Writing Policies
Policies are YAML rules that decide what each agent can do. First match wins. Fail-closed — if no rule matches, the tool call is denied.
Basic structure
policies:
- name: my-policy
agent: "claude" # which agent (glob pattern)
rules:
- tools: ["filesystem.read_*"]
action: allow
- tools: ["filesystem.write_*"]
action: human_approval
- tools: ["*"]
action: deny
Actions
| Action | What happens |
|---|---|
allow |
Tool call proceeds immediately |
deny |
Tool call rejected, 403 returned |
human_approval |
Tool call queued, waits for human/supervisor |
First match wins
Rules are evaluated top to bottom. The first rule whose tools pattern matches is applied.
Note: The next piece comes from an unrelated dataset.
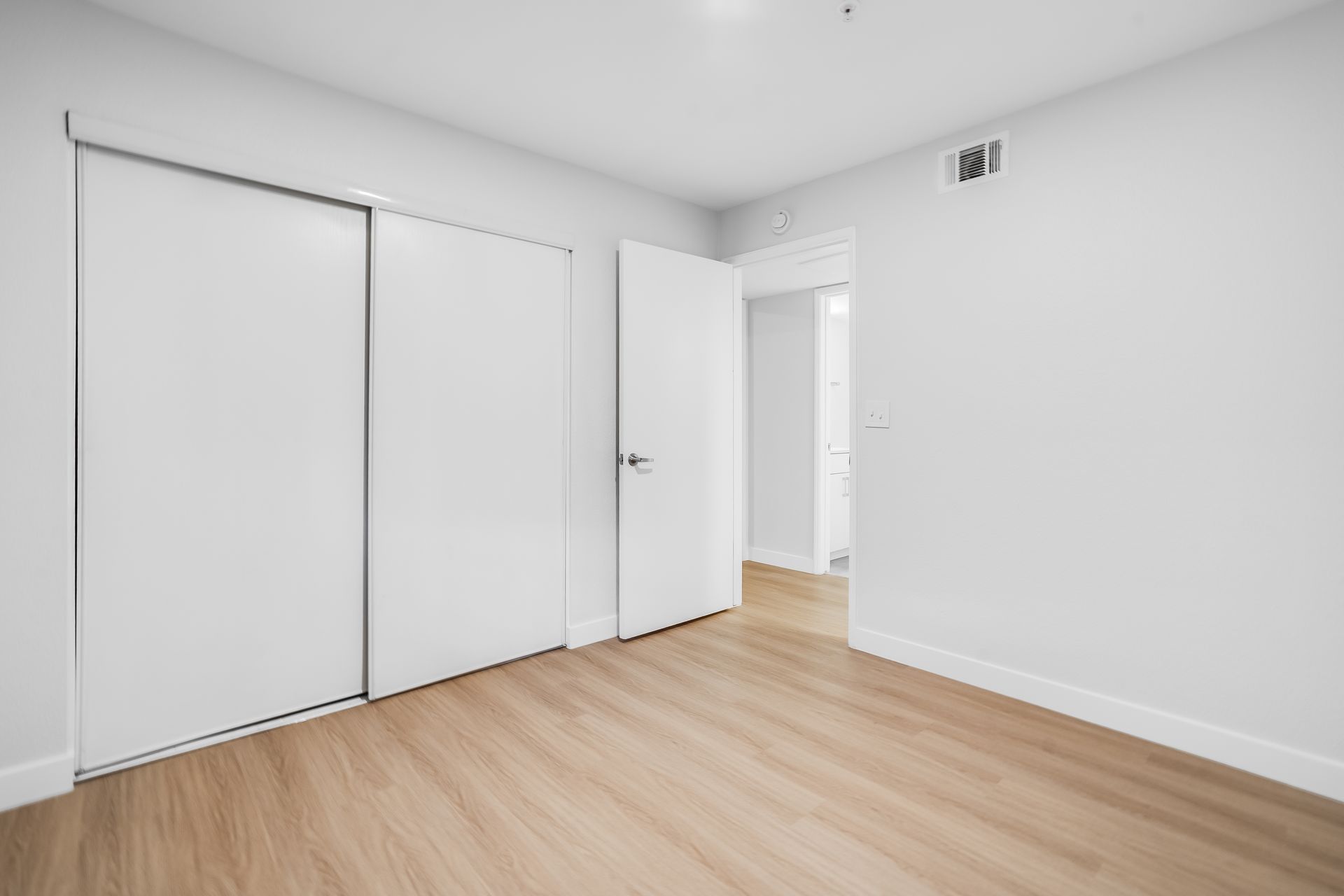 Empty white bedroom with wood flooring, open closet doors, and a doorway to a hall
Put specific rules before general ones:
rules:
# Specific: deny destructive gmail operations
- tools: ["gmail.delete_*", "gmail.move_to_trash"]
action: deny
# Medium: require approval for sends
- tools: ["gmail.send_email"]
action: human_approval
# General: allow reads
- tools: ["gmail.read_*", "gmail.list_*"]
action: allow
# Catch-all
- tools: ["*"]
action: deny
Glob patterns
Both agent and tools fields support glob patterns:
| Pattern | Matches |
|---|---|
"claude" |
Exact match |
"*" |
Any agent or tool |
"worker-*" |
worker-1, worker-docs, etc. |
"gmail-*.send_email" |
gmail-ktcrisis.send_email, gmail-perso.send_email |
"filesystem.read_*" |
filesystem.read_file, filesystem.read_multiple_files |
Per-agent policy files
Instead of putting all policies inline, use a directory:
policies/
├── claude.yaml # rules for agent "claude"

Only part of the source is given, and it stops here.